Gümüş sülfadiazin insanlarda yara ve yanıklarda veya deri nakli gibi karmaşık işlemlerden sonra enfeksiyonu önlemede etkilidir. Bunlar üzerinde çalışılmıştır ve koloidal gümüşten farklıdır. Bununla birlikte, günümüzde tıpta gümüş pansumanlar kullanılmaya devam etse de, aynı derecede etkili ve hatta daha etkili olan daha fazla tedavi mevcuttur.
Kolloidal Gümüş Tehlikeliyse Hala Nasıl Satılabilir?
Kolloidal gümüş, bir homeopati ilacı veya gıda takviyesi olarak damgalandığı için hâlâ satılabilir, yani FDA tescilli değildir ve olması da gerekmez.

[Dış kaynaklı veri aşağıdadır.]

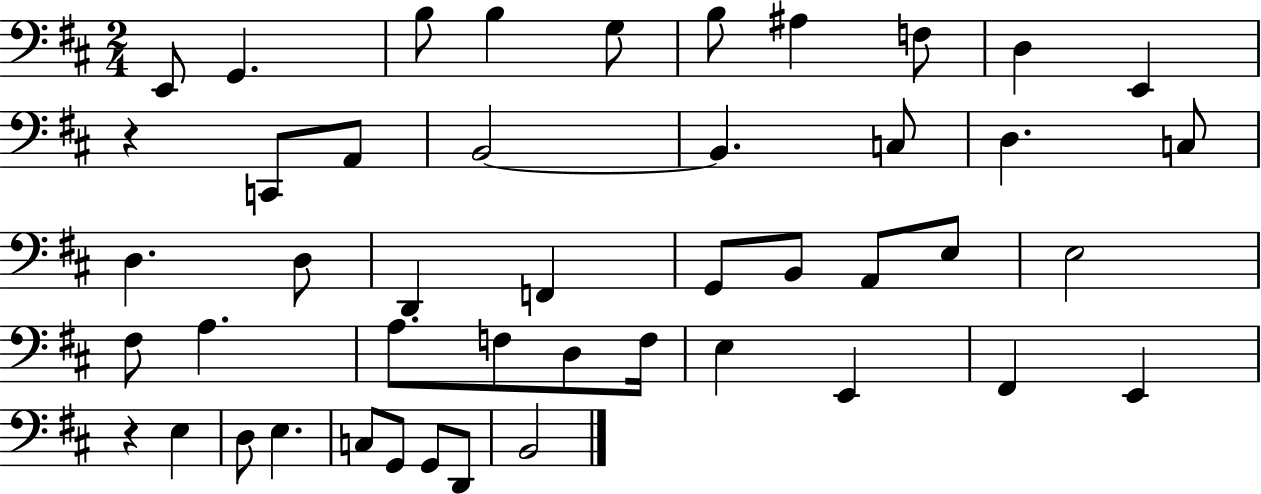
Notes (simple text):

E2/e G2/q. B3/e B3/q G3/e B3/e A#3/q F3/e D3/q E2/q R/q C2/e A2/e B2/h B2/q. C3/e D3/q. C3/e D3/q. D3/e D2/q F2/q G2/e B2/e A2/e E3/e E3/h F#3/e A3/q. A3/e. F3/e D3/e F3/s E3/q E2/q F#2/q E2/q R/q E3/q D3/e E3/q. C3/e G2/e G2/e D2/e B2/h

Bu, veteriner tarafından pazarlanan kolloidal gümüş için de geçerlidir; alternatif bir terapi veya takviye olarak sınıflandırıldığı için düzenlenmesine gerek yoktur.
Sonuç
Sonuç olarak, kolloidal gümüş köpekler için güvensizdir. Kolloidal gümüşün, özellikle yanık iyileştirme gibi topikal uygulamalar için bildirilen bazı faydaları vardır. Bununla birlikte, özellikle veterinerlik tıbbındaki gelişmelerle daha etkili tedaviler mevcuttur. Bu nedenle, yanıklardan veya diğer cilt rahatsızlıklarından mustarip köpeklere, veteriner hekimler tarafından onaylanan özel tedaviler verilecektir.

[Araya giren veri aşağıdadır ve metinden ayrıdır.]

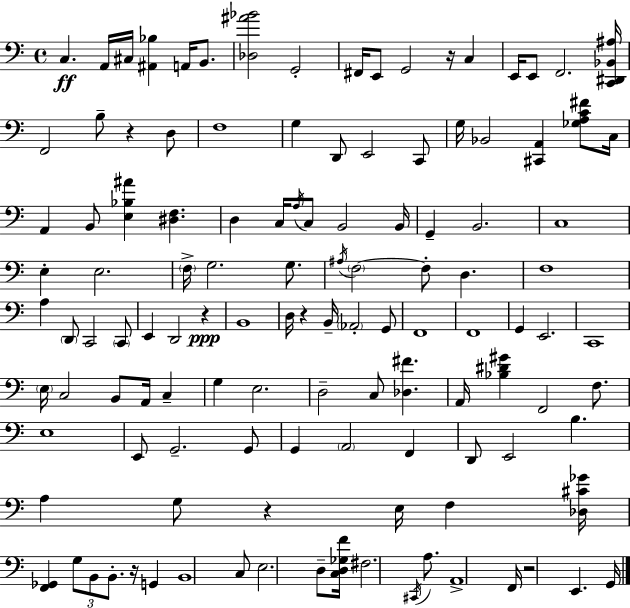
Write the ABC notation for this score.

X:1
T:Untitled
M:4/4
L:1/4
K:C
C, A,,/4 ^C,/4 [^A,,_B,] A,,/4 B,,/2 [_D,^A_B]2 G,,2 ^F,,/4 E,,/2 G,,2 z/4 C, E,,/4 E,,/2 F,,2 [C,,^D,,_B,,^A,]/4 F,,2 B,/2 z D,/2 F,4 G, D,,/2 E,,2 C,,/2 G,/4 _B,,2 [^C,,A,,] [_G,A,C^F]/2 C,/4 A,, B,,/2 [E,_B,^A] [^D,F,] D, C,/4 A,/4 C,/2 B,,2 B,,/4 G,, B,,2 C,4 E, E,2 F,/4 G,2 G,/2 ^A,/4 F,2 F,/2 D, F,4 A, D,,/2 C,,2 C,,/2 E,, D,,2 z B,,4 D,/4 z B,,/4 _A,,2 G,,/2 F,,4 F,,4 G,, E,,2 C,,4 E,/4 C,2 B,,/2 A,,/4 C, G, E,2 D,2 C,/2 [_D,^F] A,,/4 [_B,^D^G] F,,2 F,/2 E,4 E,,/2 G,,2 G,,/2 G,, A,,2 F,, D,,/2 E,,2 B, A, G,/2 z E,/4 F, [_D,^C_G]/4 [F,,_G,,] G,/2 B,,/2 B,,/2 z/4 G,, B,,4 C,/2 E,2 D,/2 [C,D,_G,F]/4 ^F,2 ^C,,/4 A,/2 A,,4 F,,/4 z2 E,, G,,/4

Köpeğinize kolloidal gümüşü ağızdan vermek asla iyi bir fikir değildir, çünkü hayvan tüketimi için satılan müstahzarlar bile içlerinde çok farklı seviyelerde kolloidal gümüş içerebilir. Veterinerlik dünyasında kolloidal gümüş kullanımı hakkında daha fazla araştırma yapılıncaya kadar, köpeğinize herhangi bir biçimde verilmesi önerilmez. Köpeğinize herhangi bir ilaç vermek istiyorsanız lütfen veteriner hekiminize danışın.